Primitive types like String
or Integer
require no serialization, original value will be passed. It also won’t be deserialized on read.
If you’re curious how PreserveTypes
transformation is implemented, feel free to look at the source code.
Quirks
Look at me, I’m Time
now
During implementation, we figured out that there’s a quirk around ActiveSupport::TimeWithZone
. We rely on on Module#name to recognize object class name. It turned out that ActiveSupport::TimeWithZone.name
for unknown reason will return Time
. Obviously this broke deserialization of this particular type, since the wrong one was picked by transformation. For this reason we introduced another parameter called stored_type
which expects object responding to call
, returning a string containing class name.

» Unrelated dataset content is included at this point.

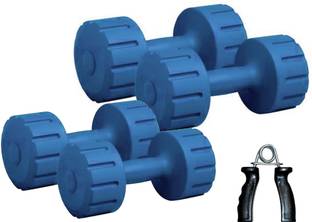 FITZON DM PVC 2KG + 5KG COMBO 162 Dumbbells Fixed Weight Dumbbell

Additional metadata is persisted
Yes, it will take additional space in your database, but it’s the sacrifice we’re ready for. Event’s metadata
along with standard information will store information about types
:
{
"types": {
"data": {
"boolean": ["Symbol","TrueClass"],
"nothing": ["Symbol","NilClass"],
"string": ["Symbol","String"],
"symbol": ["Symbol","Symbol"],
"int": ["Symbol","Integer"],
"float": ["Symbol","Float"],
"big_decimal": ["Symbol","BigDecimal"],
"array": ["Symbol",["Integer","Integer","Integer"]],
"hash": ["Symbol",{"foo":["Symbol","Symbol"]}],
"date": ["Symbol","Date"],
"time" :["Symbol","Time"],
"active_support_time_with_zone": ["Symbol","ActiveSupport::TimeWithZone"]
},
"metadata":{
"correlation_id":["Symbol","String"]
}
}
First element in the array represents type of the key, the other one — value’s.
This is completely transparent operation, you won’t see this data when reading event in your console:
irb(main):021:0> event_store.read.last
RubyEventStore::ActiveRecord::Event Load (1.3ms) SELECT "event_store_events".* FROM "event_store_events" ORDER BY "event_store_events"."id" DESC LIMIT $1 [["LIMIT", 1]]
=>
#<OopsIDidItAgain:0x000000011265f7d0
@data=
{:int=>123,
:date=>Fri, 27 Jan 2023,
:hash=>{:foo=>:bar},
:time=>2023-01-27 18:23:58.607724 +0100,
:array=>[1, 2, 3],
:float=>1.23,
:string=>"hello",
:symbol=>:baz,
:boolean=>true,
:nothing=>nil,
:big_decimal=>0.123e1,
:active_support_time_with_zone=>Fri, 27 Jan 2023 17:23:58.607731000 UTC +00:00},
@event_id="df6c5c48-06da-47ff-90ae-1b76eb6ceeaf",
@metadata=
#<RubyEventStore::Metadata:0x000000011265f780
@h=
{:correlation_id=>"d55c851d-97e8-4dc4-880c-cafcea3e9c49",
:timestamp=>2023-01-27 17:24:29.831713 UTC,
:valid_at=>2023-01-27 17:24:29.831713 UTC}>>
nor in the Browser.
Summary
Running on JSONClient
with PreserveTypes
provides seamless type handling. It removes all the disadvantages which using JSON brought as compared to YAML serialization within binary column. It opens new possibilities like ability to query events’ data
and metadata
via SQL interface and RES interface in the future. It’s also a nice alternative to event schemas used solely for type casting which can be sometimes slow.